SBC Warburg reshuffled its senior management in the United States last week, promoting managing director Andrew Siciliano to senior executive for the Americas.
The move followed the retirement this month of John Dugan, who was chief executive officer for North America. SBC Warburg, Basel, Switzerland, is the investment bank subsidiary of Swiss Bank Corp. Its U.S. operations are based in New York.
Like several other European banks, Swiss Bank Corp. wants to expand its U.S. operations, particularly its capital markets activities, in an effort to become a global financial institution.

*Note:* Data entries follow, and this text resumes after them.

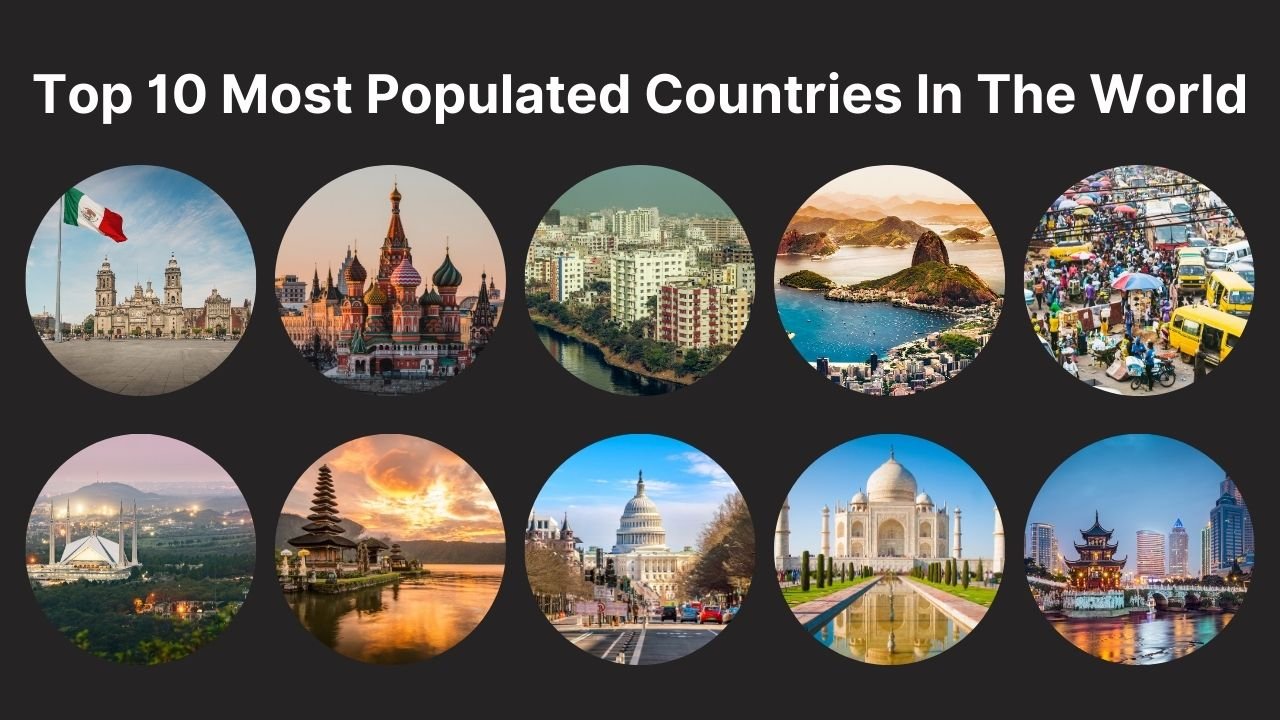 Top 10 Most Populated Countries In The World?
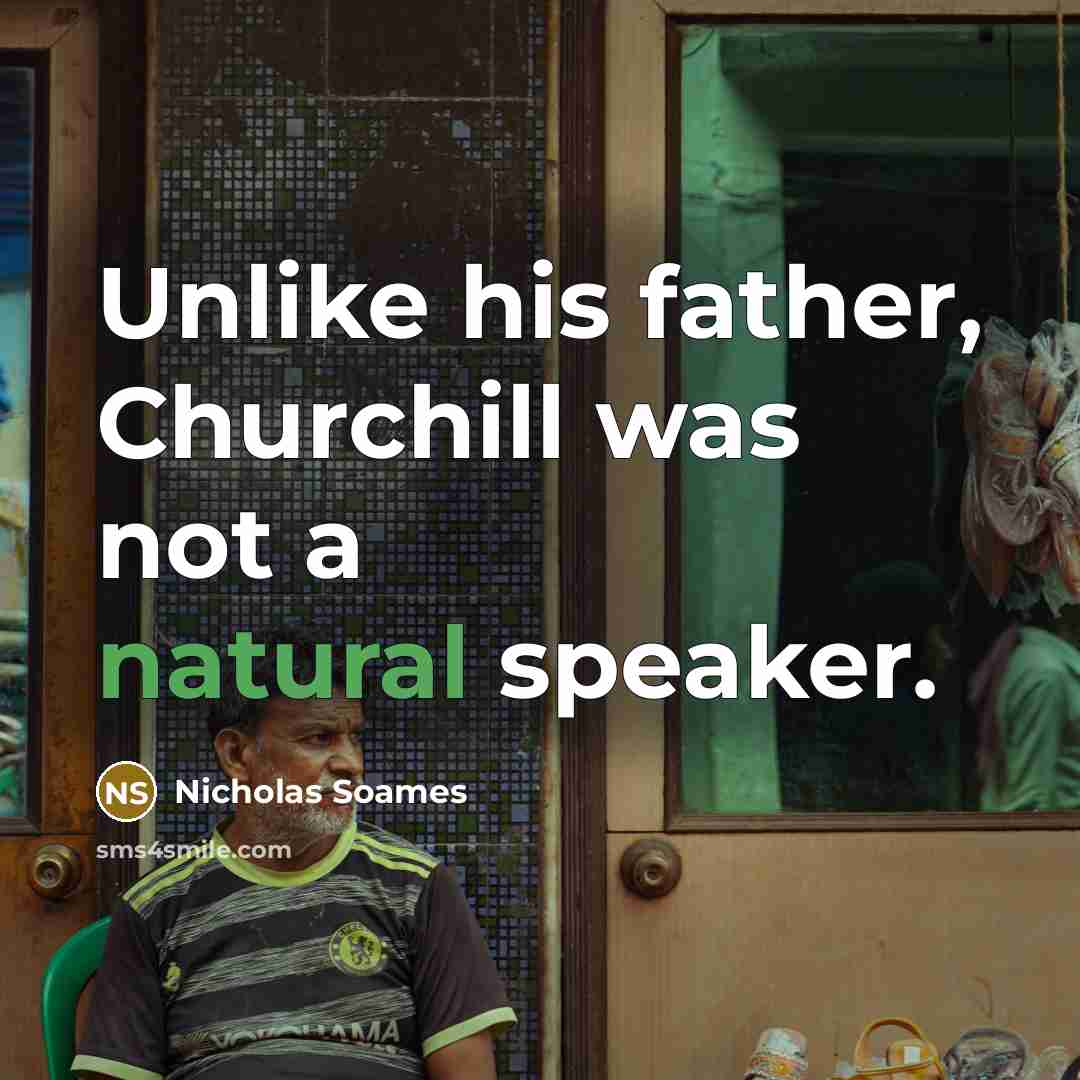 “Unlike his father, Churchill was not a natural speaker.…” quote by Nicholas Soames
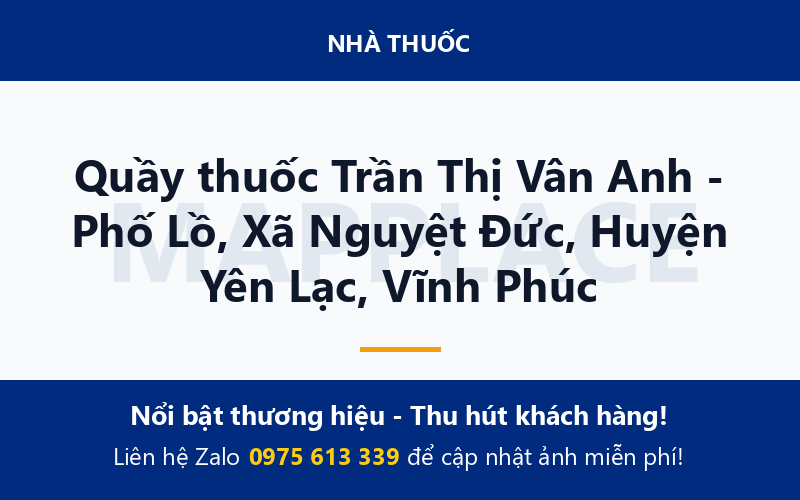 Quầy thuốc Trần Thị Vân Anh - Phố Lồ, Xã Nguyệt Đức, Huyện Yên Lạc, Vĩnh Phúc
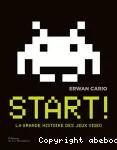 Start ! : la grande histoire des jeux vidéo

"There are lots of banks in Europe that are trying to become global banks," said Bryan Crossley, a European bank analyst with ABN Amro Hoare Govett in London. "With the exception of Credit Suisse First Boston, none of them have the most important piece of the puzzle: U.S. presence and access to capital markets."
Mr. Siciliano will relocate from London to New York. He will head a new American business development committee and act as senior relationship manager for the region's institutional client base.
Simon Canning, head of the Swiss bank's year-old section 20 subsidiary, SBC Warburg Inc., was named new chief operating officer for North America for its affiliated company, SBC Warburg. He will be responsible for day-to- day operations. Mr. Canning will also remain president and CEO of SBC Warburg Inc.
Karlheinz Muhr, global head of fixed income, was named head of corporate finance for the Americas.
SBC Warburg was created in 1995 by the combination of Swiss Bank Corp.'s international and finance division with the investment banking business of S.G. Warburg Group.
Its affiliate, SBC Warburg Inc., is an amalgamation of several former U.S. subsidiaries of Swiss Bank Corp., as well as the U.S. securities business of O'Connor & Associates. It was granted full equity and debt underwriting and dealing powers by the Fed in December 1994.
Net profit from SBC Warburg grew 54% last year, to $607 million, according to the bank. Income from securities underwriting grew 32% last year, to $327 million from $291 million, while merger and acquisition fees leaped 618%, to $242 million from $46 million in 1995, the bank said.
But even with that growth in income, capital markets activities are not yet significant enough to give the bank the global status it wants, said Mr. Crossley.